Дочек я рассмотреть не успел, потому что в это время какая-то женщина, вся в черном, отпихнула солдата, так что он чуть не упал, вырвалась на мостовую, повалилась перед каретой на колени и протянула вперед руку со свернутым в трубку листом бумаги. У царя голова дернулась, будто он испугался, но на женщину сейчас же набросились солдаты с офицером, схватили ее и куда-то утащили.
Карета поехала дальше, и царь опять стал прикладывать пальцы к картузу.

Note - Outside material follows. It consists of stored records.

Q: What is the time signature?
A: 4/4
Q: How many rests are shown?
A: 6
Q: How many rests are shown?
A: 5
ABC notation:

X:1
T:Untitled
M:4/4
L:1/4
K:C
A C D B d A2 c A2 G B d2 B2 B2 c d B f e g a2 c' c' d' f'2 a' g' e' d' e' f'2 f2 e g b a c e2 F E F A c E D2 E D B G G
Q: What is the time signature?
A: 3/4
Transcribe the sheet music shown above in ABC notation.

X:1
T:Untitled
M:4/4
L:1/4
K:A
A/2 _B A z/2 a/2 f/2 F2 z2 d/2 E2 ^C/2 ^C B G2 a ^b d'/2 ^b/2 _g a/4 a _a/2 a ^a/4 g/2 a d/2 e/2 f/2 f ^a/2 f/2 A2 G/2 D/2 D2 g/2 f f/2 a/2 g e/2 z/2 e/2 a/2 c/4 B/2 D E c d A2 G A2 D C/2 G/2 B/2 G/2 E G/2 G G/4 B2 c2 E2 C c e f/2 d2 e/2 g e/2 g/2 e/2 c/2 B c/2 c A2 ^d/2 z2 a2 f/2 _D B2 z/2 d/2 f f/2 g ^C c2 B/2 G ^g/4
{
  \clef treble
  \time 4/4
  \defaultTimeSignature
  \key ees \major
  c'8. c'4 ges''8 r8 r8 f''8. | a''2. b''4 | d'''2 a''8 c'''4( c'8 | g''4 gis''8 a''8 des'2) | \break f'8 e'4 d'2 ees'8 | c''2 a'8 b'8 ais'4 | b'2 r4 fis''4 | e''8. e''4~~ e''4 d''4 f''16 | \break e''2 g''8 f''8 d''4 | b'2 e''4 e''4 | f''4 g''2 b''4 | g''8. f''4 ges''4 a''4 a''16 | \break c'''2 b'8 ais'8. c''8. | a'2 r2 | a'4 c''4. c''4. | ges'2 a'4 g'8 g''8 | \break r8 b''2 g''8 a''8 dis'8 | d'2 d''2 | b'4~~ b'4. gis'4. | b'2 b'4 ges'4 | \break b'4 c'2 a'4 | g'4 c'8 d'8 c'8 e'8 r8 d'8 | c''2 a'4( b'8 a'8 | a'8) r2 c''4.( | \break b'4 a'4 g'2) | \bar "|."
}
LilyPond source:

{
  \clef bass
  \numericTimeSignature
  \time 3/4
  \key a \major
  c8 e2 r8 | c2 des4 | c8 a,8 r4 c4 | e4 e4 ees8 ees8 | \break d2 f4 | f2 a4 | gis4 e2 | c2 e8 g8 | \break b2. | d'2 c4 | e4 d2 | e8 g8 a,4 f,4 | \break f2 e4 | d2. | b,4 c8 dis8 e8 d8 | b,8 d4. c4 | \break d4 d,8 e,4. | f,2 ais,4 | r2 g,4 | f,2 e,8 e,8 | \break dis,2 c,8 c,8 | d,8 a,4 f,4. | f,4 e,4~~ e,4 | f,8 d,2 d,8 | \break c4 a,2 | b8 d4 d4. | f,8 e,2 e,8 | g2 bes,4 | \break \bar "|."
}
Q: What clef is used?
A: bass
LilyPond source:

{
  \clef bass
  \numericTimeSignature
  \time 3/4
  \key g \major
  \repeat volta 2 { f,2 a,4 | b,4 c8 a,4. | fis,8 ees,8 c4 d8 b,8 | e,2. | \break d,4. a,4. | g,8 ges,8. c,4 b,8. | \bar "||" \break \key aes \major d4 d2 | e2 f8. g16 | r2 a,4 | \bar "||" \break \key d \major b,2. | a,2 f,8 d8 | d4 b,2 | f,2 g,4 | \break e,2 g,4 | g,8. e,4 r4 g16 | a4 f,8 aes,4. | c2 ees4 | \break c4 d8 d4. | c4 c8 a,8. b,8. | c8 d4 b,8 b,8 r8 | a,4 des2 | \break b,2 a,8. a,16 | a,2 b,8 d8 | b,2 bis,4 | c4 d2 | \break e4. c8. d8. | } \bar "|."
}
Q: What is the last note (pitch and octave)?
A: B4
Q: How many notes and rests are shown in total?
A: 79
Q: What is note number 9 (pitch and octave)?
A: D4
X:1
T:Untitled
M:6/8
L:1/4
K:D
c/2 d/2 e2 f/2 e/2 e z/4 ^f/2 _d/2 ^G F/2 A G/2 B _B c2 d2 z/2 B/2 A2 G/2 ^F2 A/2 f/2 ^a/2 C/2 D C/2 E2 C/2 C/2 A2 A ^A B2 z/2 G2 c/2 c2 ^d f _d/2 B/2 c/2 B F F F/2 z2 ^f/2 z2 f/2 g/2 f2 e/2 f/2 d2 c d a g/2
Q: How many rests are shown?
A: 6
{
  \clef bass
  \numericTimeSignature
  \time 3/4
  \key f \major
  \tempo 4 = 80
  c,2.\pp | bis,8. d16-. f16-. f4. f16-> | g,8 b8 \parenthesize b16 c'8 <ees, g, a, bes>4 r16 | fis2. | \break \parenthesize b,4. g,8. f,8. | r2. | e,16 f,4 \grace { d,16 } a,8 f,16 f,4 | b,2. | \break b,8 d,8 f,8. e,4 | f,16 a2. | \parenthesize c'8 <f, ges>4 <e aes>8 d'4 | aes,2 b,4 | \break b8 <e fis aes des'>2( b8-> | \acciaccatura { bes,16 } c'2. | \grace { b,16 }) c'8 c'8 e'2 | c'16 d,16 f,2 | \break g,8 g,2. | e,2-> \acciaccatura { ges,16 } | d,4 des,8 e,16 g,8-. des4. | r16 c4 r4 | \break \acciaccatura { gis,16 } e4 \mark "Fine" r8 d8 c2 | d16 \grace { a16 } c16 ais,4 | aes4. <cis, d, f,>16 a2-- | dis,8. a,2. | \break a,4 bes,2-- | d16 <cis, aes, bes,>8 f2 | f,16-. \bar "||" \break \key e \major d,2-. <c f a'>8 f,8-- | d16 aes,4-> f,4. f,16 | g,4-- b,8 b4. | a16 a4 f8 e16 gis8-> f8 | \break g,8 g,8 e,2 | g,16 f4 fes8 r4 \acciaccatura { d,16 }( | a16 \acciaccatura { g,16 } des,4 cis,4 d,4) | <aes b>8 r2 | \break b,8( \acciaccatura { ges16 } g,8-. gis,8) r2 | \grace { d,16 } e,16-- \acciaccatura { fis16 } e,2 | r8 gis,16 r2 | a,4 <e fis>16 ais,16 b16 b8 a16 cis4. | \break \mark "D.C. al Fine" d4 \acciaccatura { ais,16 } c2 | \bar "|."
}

В тот же день Петр рассказал мне, что сам слышал в городе, У женщины, которая бросилась перед царем на колени, был сын, студент. Он поехал в какую-то деревню а там в это время мужики захватили панскую землю. Землей этой они пользовались спокон веков, еще до своего освобождения. В деревню пришли солдаты и стали стрелять в мужиков. Мужики отбивались камнями. Вместе с мужиками камни бросал и студент. Суд присудил мужиков к каторге, а студента к смерти. Мать уговаривала студента, чтобы он просил царя помиловать его, но студент просить царя не захотел. Мать узнала, что царь едет в Крым, и тоже приехала сюда, потому что в Петербурге ее к царю не допустили. Я спросил Петра:
— А здесь допустят? Петр ответил:
— Нет.
— Но ведь царь видел, что она хочет ему что-то сказать. Она на коленях стояла перед ним. Разве он не может приказать, чтобы ее привели к нему?
— Может и не может.
— Почему не может?! — крикнул я. — Почему?
Потому что он царь, — ответил Петр.
ТАЙНА ПЕТРА
С тех пор как мы побывали на даче с зеленой лягушкой, Петр сильно переменился: так иной раз задумывался, что даже не отзывался, когда я его окликал. Однажды он сказал:
— Пойдем, Митя, к ключнику. Мне надо разузнать кое-что.